A Place for God’s Speaking

So, “the City of the Book” must be captured. This means that our reading and all the other influences we allow to act upon our mind must, through our application of the cross of Christ, come under the authority of the Spirit (cf. Rom. 8:13).

How crucial this is for our spiritual development and service to the Lord! After Kirjath-sepher was captured its name was changed to “Debir.” This name means “Speaker,” “Sanctuary,” or “Oracle,” and is closely related to the word that is used to refer to the Holy of Holies, the inner sanctuary, in the temple of Solomon.

So at this point, when our reading and all the things we take into our mind are under the authority of the Spirit, our mind will no longer be shaped by the things of the world; rather, it will become a sanctuary for God’s speaking, and the things we take in will become His “oracle,” His speaking to us.

In fact, this city, which before had been occupied by a hostile race, eventually became a priestly city (Josh. 21:15).
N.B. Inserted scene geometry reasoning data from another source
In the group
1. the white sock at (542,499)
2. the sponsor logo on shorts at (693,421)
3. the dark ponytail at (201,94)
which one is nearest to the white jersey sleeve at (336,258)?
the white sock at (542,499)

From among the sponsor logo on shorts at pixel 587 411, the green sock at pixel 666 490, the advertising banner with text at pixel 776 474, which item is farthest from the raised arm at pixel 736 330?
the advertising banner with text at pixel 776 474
Therefore, we see in it a very good picture of the spiritual warfare that issues in our being transformed by the renewing of the mind:

And do not be fashioned according to this age, but be transformed by the renewing of the mind that you may prove what the will of God is, that which is good
and well pleasing and perfect.
— Romans 12:2

The History of Othniel

And what of Othniel, the one who captured the city? He is surely an inspiration for us today. Although the meaning of his name is not definite, some feel it means “Lion of God” (William Smith, Easton); another translates it as “Seasonable Speaking of God” (J.B. Jackson). If we deal with ourselves so that we do not take in the things of the world, but are instead feeding on God’s word, we will become a lion for God (cf. Rev. 5:5), and one who can speak His word in the appropriate time and manner. How the church needs such ones in this time!
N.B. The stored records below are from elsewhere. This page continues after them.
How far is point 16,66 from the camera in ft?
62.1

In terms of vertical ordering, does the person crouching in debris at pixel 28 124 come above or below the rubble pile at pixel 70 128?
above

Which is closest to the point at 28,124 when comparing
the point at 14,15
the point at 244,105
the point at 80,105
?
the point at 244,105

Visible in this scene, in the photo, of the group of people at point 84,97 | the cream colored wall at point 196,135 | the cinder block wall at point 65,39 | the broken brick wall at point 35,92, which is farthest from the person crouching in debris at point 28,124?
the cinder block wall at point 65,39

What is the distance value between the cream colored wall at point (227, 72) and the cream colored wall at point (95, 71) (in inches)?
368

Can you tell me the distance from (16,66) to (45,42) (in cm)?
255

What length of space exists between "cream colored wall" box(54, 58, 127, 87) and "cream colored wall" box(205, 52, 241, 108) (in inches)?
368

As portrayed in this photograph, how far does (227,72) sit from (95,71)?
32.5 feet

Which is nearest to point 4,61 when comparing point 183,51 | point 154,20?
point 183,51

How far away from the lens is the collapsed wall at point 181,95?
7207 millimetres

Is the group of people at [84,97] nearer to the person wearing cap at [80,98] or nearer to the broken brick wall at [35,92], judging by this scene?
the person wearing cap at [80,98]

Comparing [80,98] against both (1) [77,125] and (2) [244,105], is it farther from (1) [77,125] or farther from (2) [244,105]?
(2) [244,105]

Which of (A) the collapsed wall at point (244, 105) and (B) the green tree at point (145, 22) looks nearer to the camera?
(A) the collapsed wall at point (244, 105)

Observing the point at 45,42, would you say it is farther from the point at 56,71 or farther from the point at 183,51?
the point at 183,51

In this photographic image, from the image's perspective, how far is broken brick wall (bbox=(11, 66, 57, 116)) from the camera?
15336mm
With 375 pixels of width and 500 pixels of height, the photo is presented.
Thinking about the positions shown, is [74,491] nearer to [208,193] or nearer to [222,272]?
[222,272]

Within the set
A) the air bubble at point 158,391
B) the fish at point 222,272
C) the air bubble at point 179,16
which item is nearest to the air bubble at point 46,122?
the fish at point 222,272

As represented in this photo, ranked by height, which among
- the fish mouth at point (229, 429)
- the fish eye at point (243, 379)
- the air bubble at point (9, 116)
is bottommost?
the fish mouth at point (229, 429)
Moreover, the Bible makes it clear that when all Israel forsook the Lord, Othniel remained faithful to Him, and thus the Lord had a way to turn His people back to Himself. At the beginning of the book of Judges we read:

The people served the Lord all the days of Joshua, and all the days of the elders who outlived Joshua, who had seen all the great works of the Lord which He had done for Israel….When all that generation had been gathered to their fathers, another generation arose after them who did not know the Lord nor the work which He had done for Israel.
— Judges 2:7, 10

Soon after, the children of Israel “forgot the Lord their God, and served the Baal’s and Asherahs,” and thus the Lord gave them into the hand of a foreign king. When they cried out to God, the Lord raised up Othniel to deliver them, and “the Spirit of the Lord came upon him.” He defeated the foreign king, and thus the land had rest for 40 years (Jdg. 3:7-11).

Like the other Israelites of his generation, Othniel had not seen for himself the great works the Lord had done for Israel in the wilderness. However, he appears to have been one who was strong in faith and in the word of God—no doubt, he was blessed in this regard by coming from a very positive family within Israel—and so he remained faithful to the Lord. What a positive pattern for young believers today!

May the Lord gain many of His believers in our day to be such ones! And may we exercise ourselves unto godliness (1 Tim. 4:7) so that we are not contaminated by the world, but rather nourished by God’s word, to serve God in a living way to establish His testimony on the earth.